High Stakes for Seasonal Stablehands

Horse racing fans held their breath this week over potential triumph and disaster – I’ll Have Another was poised to take the Belmont Stakes on Saturday to become the first Triple Crown champion since 1978, but the local chapter of the International Brotherhood of Electrical Workers , the union that represents 280 members at Belmont Park racetrack, including the starters who set the horses running when the gates open, was poised to shut down the race by striking over a contract battle with the New York Racing Association: no starters, no race.  But even though the racing industry’s hopes for a Triple Crown champion were crushed on Friday when I’ll Have Another withdrew from the Belmont Stakes with early stage tendinitis, the strike was averted and the race will go on, albeit without its brightest star.

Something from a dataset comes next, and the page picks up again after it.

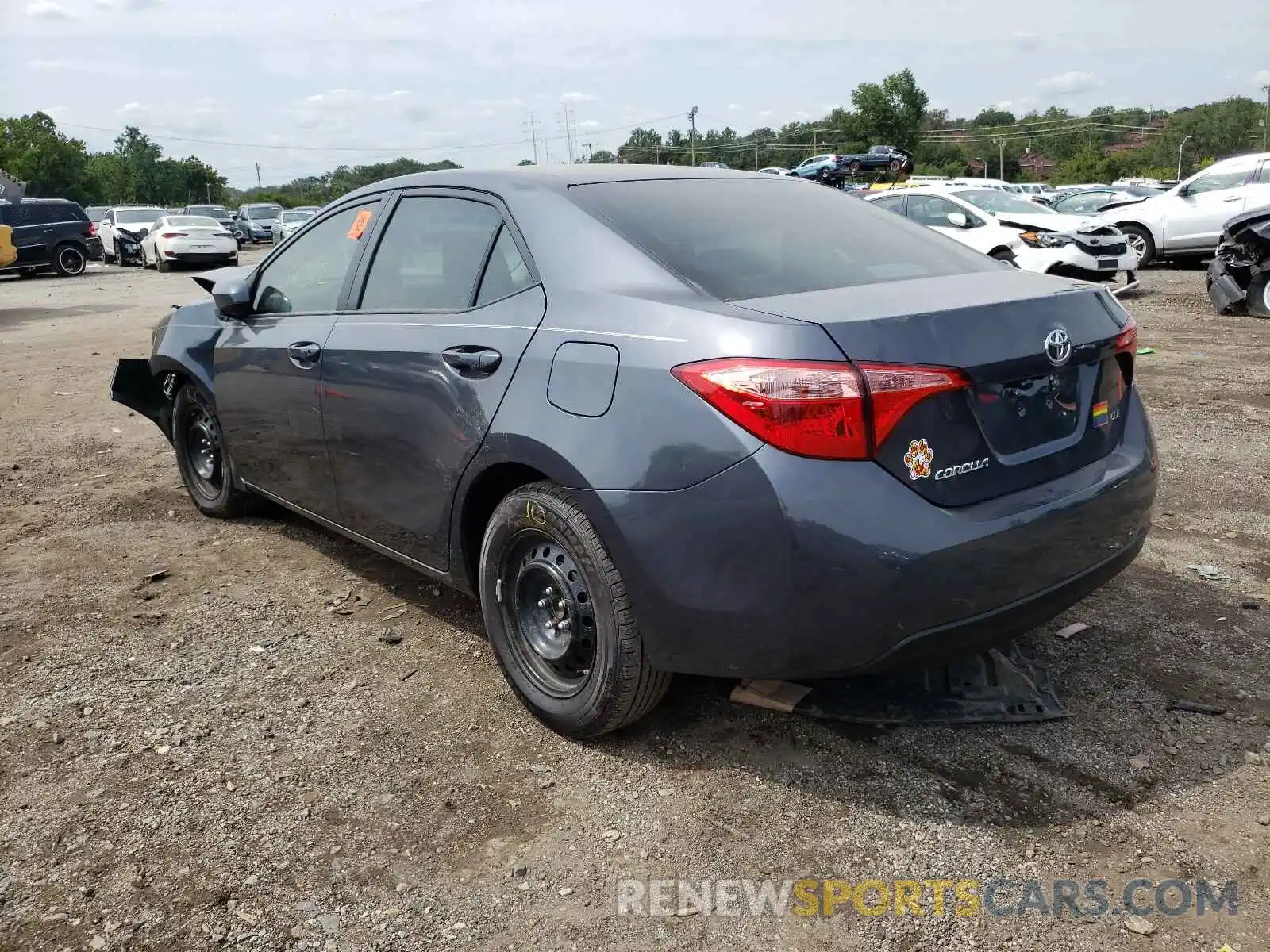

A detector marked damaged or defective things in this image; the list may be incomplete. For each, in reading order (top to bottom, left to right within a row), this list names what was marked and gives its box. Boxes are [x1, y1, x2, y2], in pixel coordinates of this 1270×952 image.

damaged silver car [1206, 208, 1270, 317]
damaged front bumper [112, 359, 175, 441]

After the crowds have placed their bets, cheered, collected their winnings, and left Belmont Park, the racetrack and those whose horses train and race there have a longer-term labor problem than negotiating with union-backed starters: no horses, no race.  Horse training – and the specific tasks of thoroughbred groomers, exercise riders, and hotwalkers – is tough, dirty, and often dangerous work, with low pay, early morning hours, and seven-day work weeks during the racing season.  Extensive knowledge of horses is essential.  New Yorkers rarely respond to trainers’ advertisements for such challenging seasonal jobs, and the positions are most often filled by Mexican and South Americans steeped in horse culture.  These temporary workers form the backbone of the racing industry, and their temporary worker petitions have been approved routinely for years.

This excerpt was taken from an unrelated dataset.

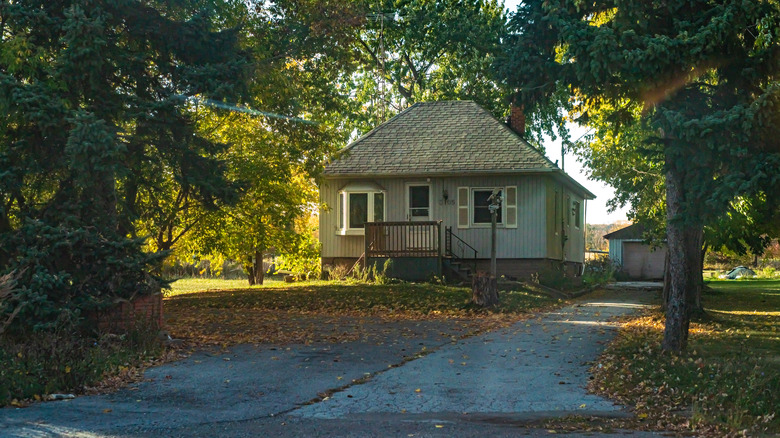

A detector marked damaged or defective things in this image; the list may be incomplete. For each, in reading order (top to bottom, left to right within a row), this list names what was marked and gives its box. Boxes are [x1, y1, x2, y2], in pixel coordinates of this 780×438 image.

cracked concrete driveway [0, 290, 664, 436]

However, last fall, several horse trainers based at Belmont Park – represented by Benach Collopy LLP partners Thomas Ragland and Jennifer Cook, at their former firm Duane Morris LLP – filed suit in federal district court seeking to overturn denials of H-2B (temporary non-agricultural worker) visas for their thoroughbred stablehands.  U.S. Citizenship and Immigration Services denied the visas, which previously had been routinely granted, on the ground that the stable work was not truly “seasonal” since the labor shifts to horse trainers’ stables in Florida during the non-racing winter.  USCIS and the trainers – whose suit was supported by the New York Thoroughbred Horsemen’s Association – ultimately reached a settlement, and the stablehands were permitted to continue working with the horses that run at Belmont Park this racing season, to the delight of New Yorkers and racing fans around the country.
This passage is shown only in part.